[whatwg] Removal of blocking script

Garrett Smith dhtmlkitchen at gmail.com
Mon Nov 15 20:23:56 PST 2010


On 11/15/10, Juriy Zaytsev <kangax.dev at gmail.com> wrote:
> When removing [1] a long-loading script element from a document, browsers
> seem to disagree on whether such removal should affect page rendering. A
> simple test —
> http://kangax.github.com/jstests/blocking_script_removal_test/—
> shows that Opera (9.x - 11) and IE (5.5 - 9) immediately continue
> parsing
> the document upon element removal. However, in Firefox (3-4) and Chrome (9)
> the document parsing is blocked until script is loaded or times out (even
> when the actual element no longer exists in the document, has its "src"
> reference an empty string, and there exist no references to it).
>
> Does current draft explain what should happen in such case, and if it does —
> what is it (I can't seem to find it)?

This seems to be the relevant part of the spec, and it does not
address your case:
http://dev.w3.org/html5/spec/Overview.html#already-started

Though there are a few questions there.

| When a script element that is not marked as being
| "parser-inserted" experiences one of the events listed
| in the following list,

I think what was meant was "... _any_ one of the following conditions
is met, ..."

|    * The script element gets inserted into a document.
|    * The script element is in a Document and its child nodes are changed.
For any script, including external?

|    * The script element is in a Document and has a src
| attribute set where previously the element had no such attribute.
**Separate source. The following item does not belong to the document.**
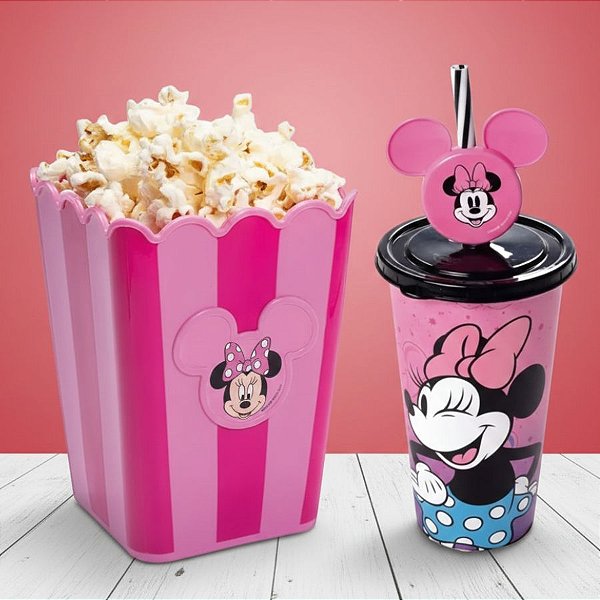 Kit Cinema - Balde de Pipoca e Copo com Canudo - Minnie Rosa - 1 unidade - Disney Original - Rizzo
For any script, including one with script content?

The existing discrepancy suggests that
> it's something worth codifying.
>

Regarding removal, I recall a version of Opera where removing the
script element of an external script that was not already started
would cause the script to not be evaluated. Nice feature, but not
interoperable and so totally impractical as far as web scripting goes.

> [1] Where "removing" is done through scripting (say, via Node's
> `removeChild` or analogous method).
>

innerHTML might be a good choice, to avoid memory leads in a few
browsers (ala Dojo's "garbage bin" technique).

Front end developers at Google prefer to first to set the script's src
to `null`:
<http://googlecode.blogspot.com/2010/11/instant-previews-under-hood.html>

Though what that accomplishes, I have no idea.